Google: A list of the best employee perks would be complete without mentioning Google, the tech giant based in Mountain View, Calif. Its 70 offices in more than 40 countries in the world each have unique building and food offerings, mostly free. In its office in Venice Beach, Calif., the “culinary team” feeds over 500 Googlers free breakfast, lunch and dinner, with a menu that changes daily. The Venice office also stocks eight “Micro Kitchens” with snacks, organic dairy and fruits, with all products sourced from growers no more than 200 miles away. The company also planted a garden in the courtyard that features fruits, vegetables and herbs. In 2010, Google opened up organic vegetable gardens in all of its childcare centers, where children can grow their own food. In its New York City office, which spans one entire block, guest chefs like Momofuku’s David Chang plan signature menus and are speakers occasionally. It’s not just the free, healthy food options that employees rave about. Googlers who give birth are gifted $500 in “Baby Bonding Bucks” to use on things like cleaning services and ordering food. And of late, all Google employees have received an Android device each year as a holiday bonus.
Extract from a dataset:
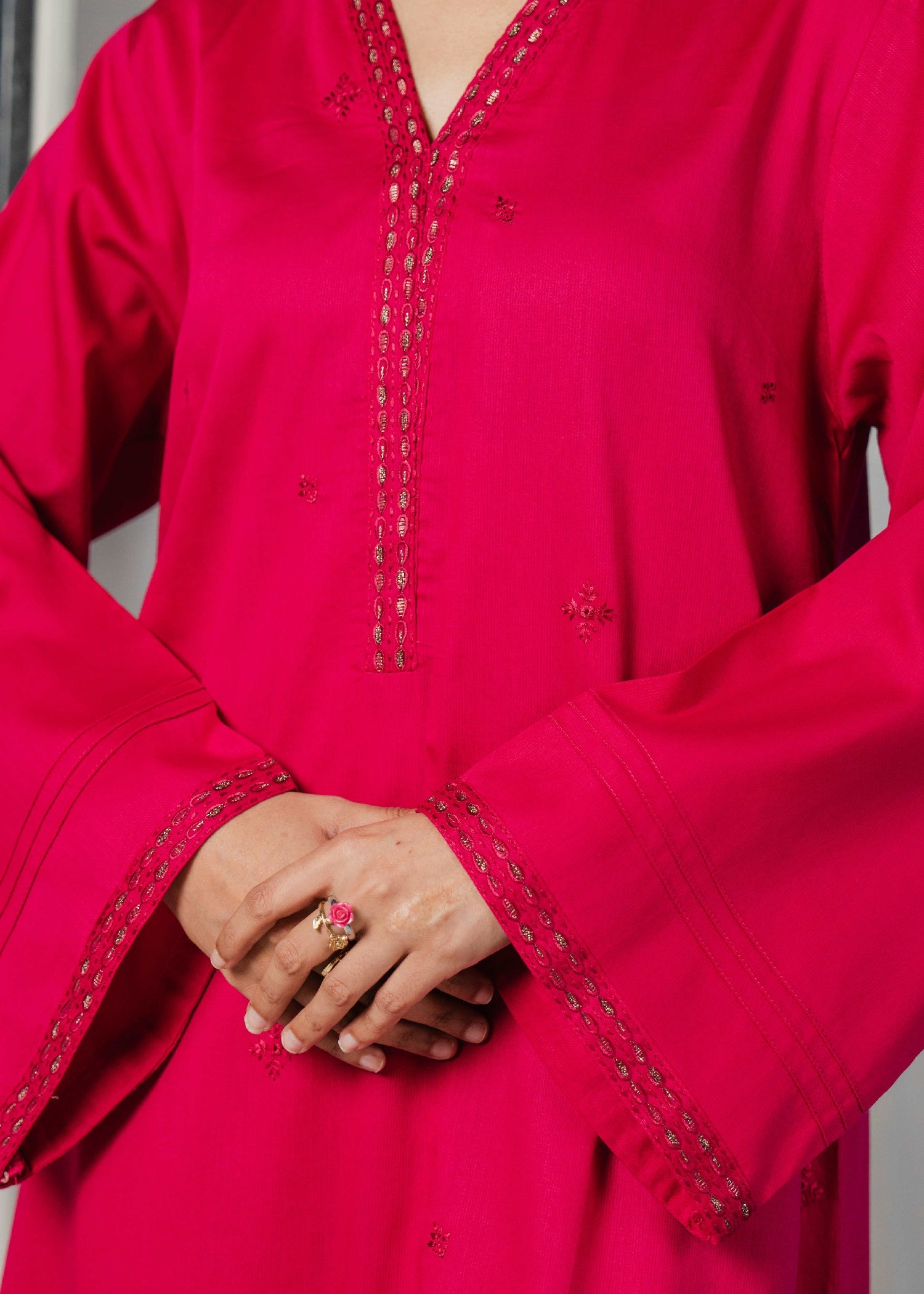 Buzzazi Bright Pink Embroidered Women 2pcs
NetApp: NetApp, based in Sunnyvale, hosts an annual event called “Share Your Lunch.” At this event, employees buy lunch in the company’s cafeteria for $10, which is donated to the Second Harvest Food Bank. Company executives serve lunch to employees. NetApp also hosts Friday Beer Bashes, generally every month in most of its offices, where hundreds of employees socialize together to enjoy beer, often from local breweries, and enjoy free food and ping pong, pool, foosball, and video games. The office in North Carolina hosts weekly Friday beer bashes with about 400 people attending each week. In Dallas, employees enjoy a kegerator beer dispenser.
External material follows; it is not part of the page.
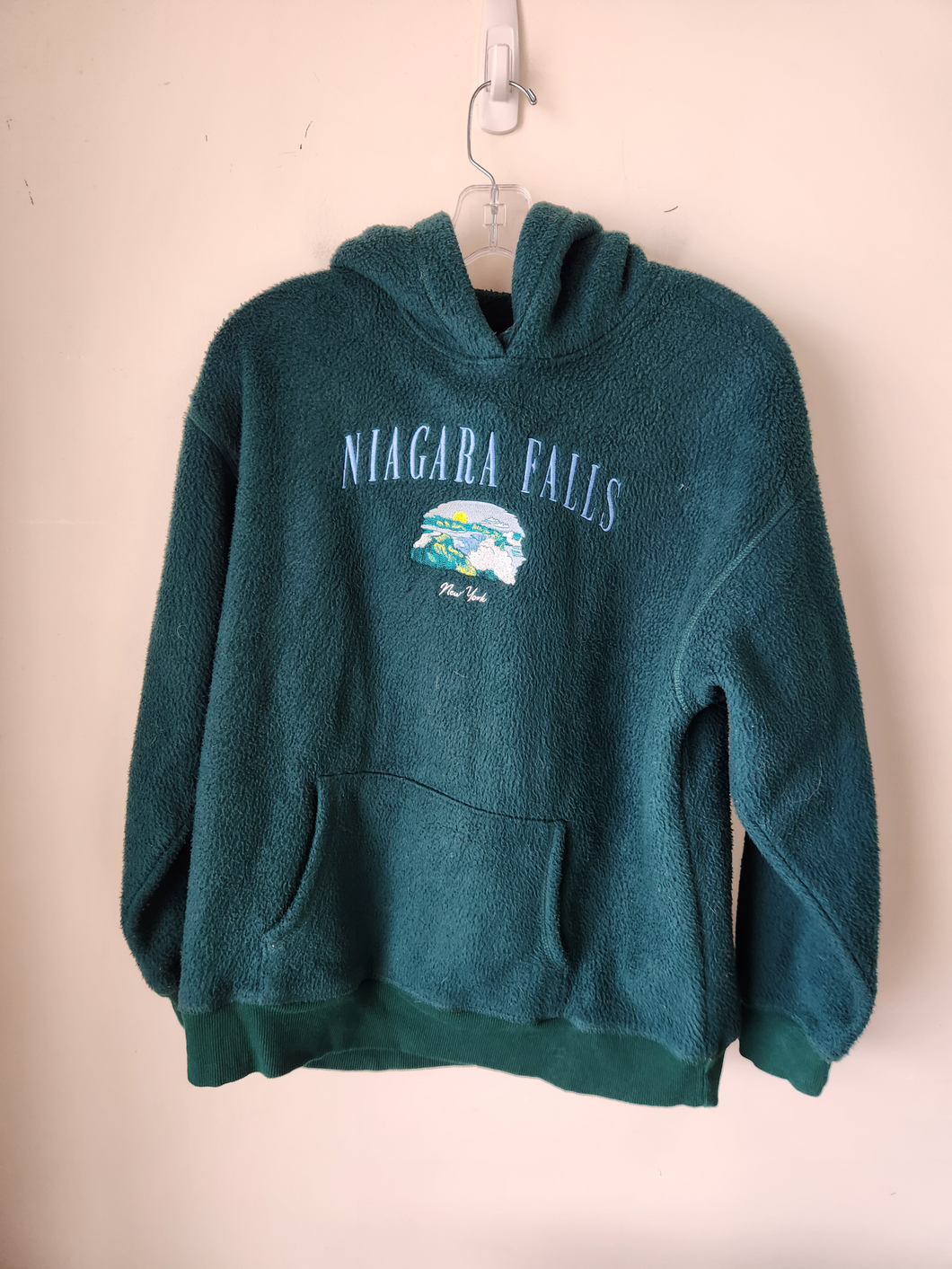 Forever 21 Sweatshirt Size Medium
SAS: Software company SAS Institute Inc., based in Cary, N.C., was rated the top global workplace by Great Place to Work in November. Among its employee perks is a one-acre sustainable farm, maintained by a landscaping team. Launched in 2011, The Culinary Farm cultivates produce for all four company cafeterias. The chefs meet with the culinary farmer prior to each season to determine which crops to plant for their menus. It recently added a dedicated greenhouse. Free drinks and snacks are in break stations in every building and employees can enjoy water delivery and weekly fruit and vegetable delivery from local farms. Employees can order “leftovers” from the company kitchen to take home for dinner or for personal events, including deli trays, personalized cookies, pizzas, marinated pork loins, flank steaks and soups.
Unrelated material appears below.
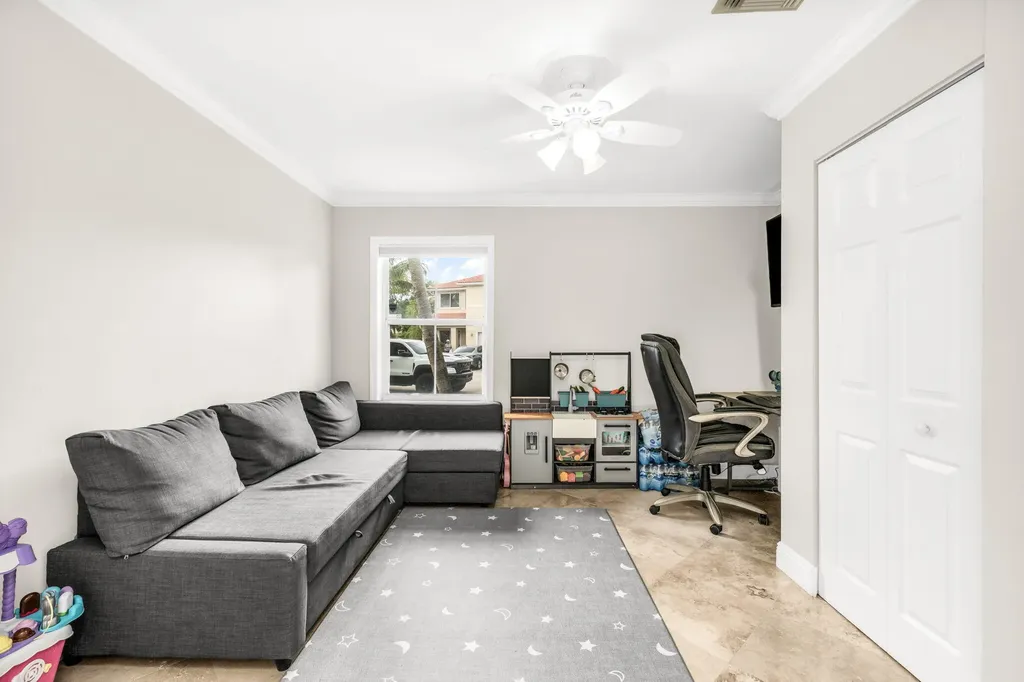 12361 NW 55th Street Coral Springs FL 33076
McMurry: Phoenix-based McMurry, a content marketing firm that specializes in publishing, Web, video and mobile, provides “minibars” around its offices with inexpensive meals, fresh fruit, Cliff bars, and 20 different types of beverages, like espresso and coffee. Bottled water costs $0.25, and a bowl of chicken teriyaki costs $1.75. Staff pay for the food based on an honor system, and can deduct however much they estimate they use from their payroll, or use a Square mobile payments device to pay on-the-spot. Employees enjoy Free Food Fridays, a full-catered lunch, once a month. Friday Happy Hour takes place every week in the offices in New York City and Saratoga Springs, N.Y.
Chesapeake Energy: Chesapeake Energy Corp., based in Oklahoma City, offers four restaurant;, each feature its own concept and specialty, with menus changing weekly and offered at prices below market value. At its Elements restaurant, the menus focus on fish with six fresh seafood options daily, plus a carving station with daily specials. The company has an employee garden to foster workplace community and encourage healthy lifestyles. The company says almost 300 employees participate in gardening and grow their own food.
St. Jude Children’s Research Hospital: At St. Jude Children’s Research Hospital in Memphis, Tenn., its cafeteria, called the Kay Kafe, was designed so staff can share it with the patients and families of patients. The hospital’s founder insisted on this design so it would create common ground for doctor and patient.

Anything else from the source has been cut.